Tiberias: I would rather live with men than kill them. That is certainly why you are alive.
- Ill Boy: King Baldwin, whose face is disfigured due to leprosy. His nephew, as well.
- Implausible Deniability: Reynauld flatly denies his own warmongering, despite it being common knowledge that he is responsible.
Tiberias: That witness, all of Jerusalem, Holy God, and me.
Reynauld: That "witness", if you call him that, is a Saracen! He lies!
Tiberias: There will come a time, Reynauld when you will not be protected by your title!
Tiberias: Those Templars have been hung for a raid that I know you commanded!
Reynauld: Prove it. I will wait at Kerak until you do.
Tiberias: The king will take your castle of Kerak, Reynauld.
- Improbable Age: Truth in Television, modern expectations aside. While the real Balain was much older, it's not at all implausible for someone in their mid-twenties to be highly experienced and competent in war in the the 12th Century. Baldwin IV did assume the throne at the age of 13 - and almost immediately went off to raid around Damascus and otherwise fight Saladin.
- I Owe You My Life: Imad to Balian. Balian doesn't accept it.
- Ironic Echo: "God wills it!"
- It's Up to You: There were only three knights left in the city, hence it fell to Balian to defend Jerusalem.
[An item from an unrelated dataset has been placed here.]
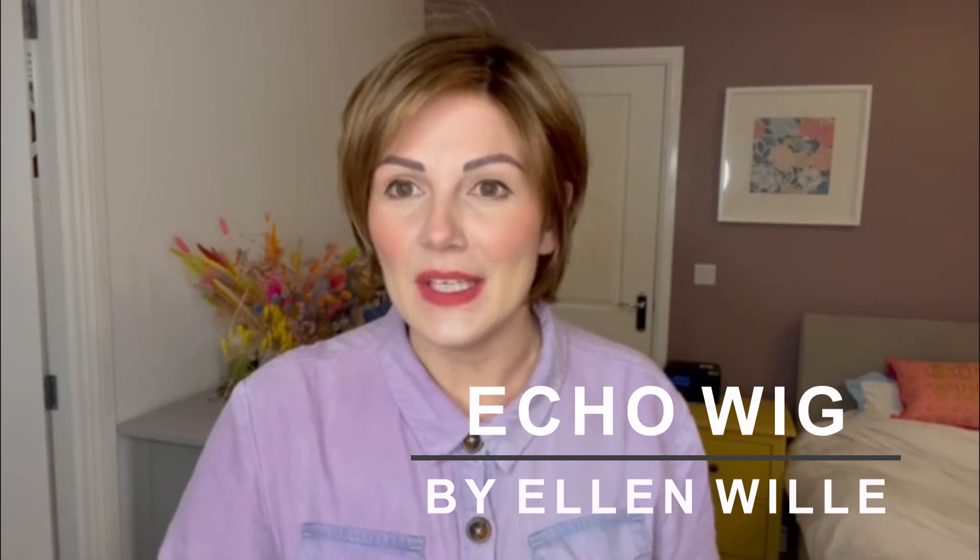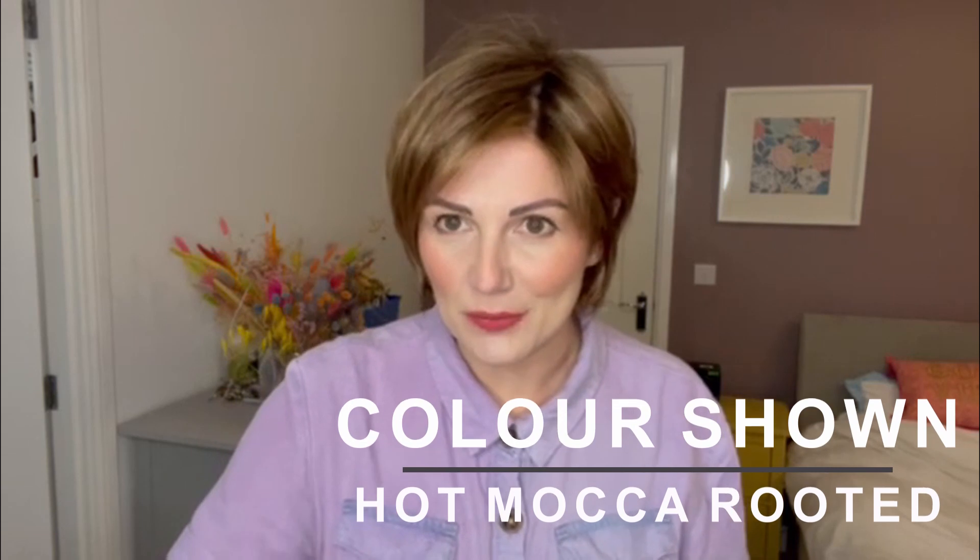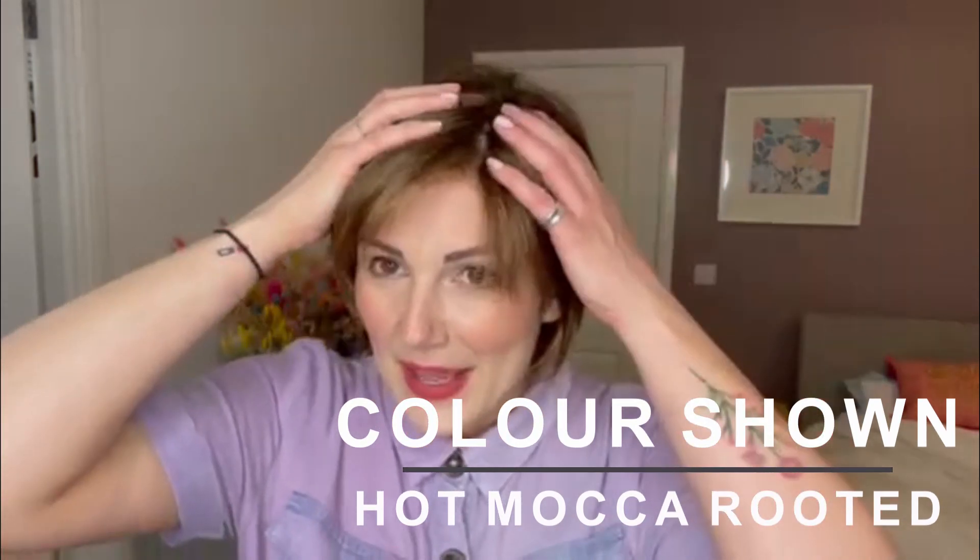This is Echo from the Ellen Wille Perucci range in the colour Hot Mocca Rooted. Echo has a lace front with a really great hairline, which leads into a fixed monofilament parting on the left hand side.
This is true, although the mass knighting never happened this way.
- Jerkass: The Priest at the beginning and the Templars, especially Guy and Reynauld.
- Jerk Justifications: Reynauld de Chatilllon has the Type 3 mentality. Guy de Lusignan is Type 2.
- Jumping Off the Slippery Slope: Reynauld de Chatillon and Guy de Lusignon's first on-screen raid of a Saracen caravan is this; they breach the peace by brutally murdering innocent civilians using the flimsiest of excuses - that the caravan guards are armed (which was only in response to Reynauld's predation against Saracen caravans in the first place).
- Kick the Son of a Bitch:
- Saladin, when he slits Reynauld's throat and again when he has Guy paraded half-naked backwards on a donkey.
- Baldwin's forcing Reynauld to kiss his diseased hand and then slapping him around a few times.
- Also, Balian's brother, who thwarts the orders of his superiors out of spite to his brother, and has Balian's dead wife beheaded before burial, and he takes her necklace, wearing it brazenly around his brother. Also doubles as Jerk Ass Victim because he was harassing his brother about this, whilst his brother was forging a sword, which was presently pointy and red hot.
- Kill the Ones You Love: In the extended cut, Sibylla kills her son after discovering that leprosy runs in the family.
- Knighting: When the bishop complains that there are no knights in Jerusalem to defend the city, Balian knights every soldier in the walls. This is loosely based on the fact that Balian speed-knighted select citizens of Jerusalem.
- Knight in Shining Armor: Balian big time. Also his crew.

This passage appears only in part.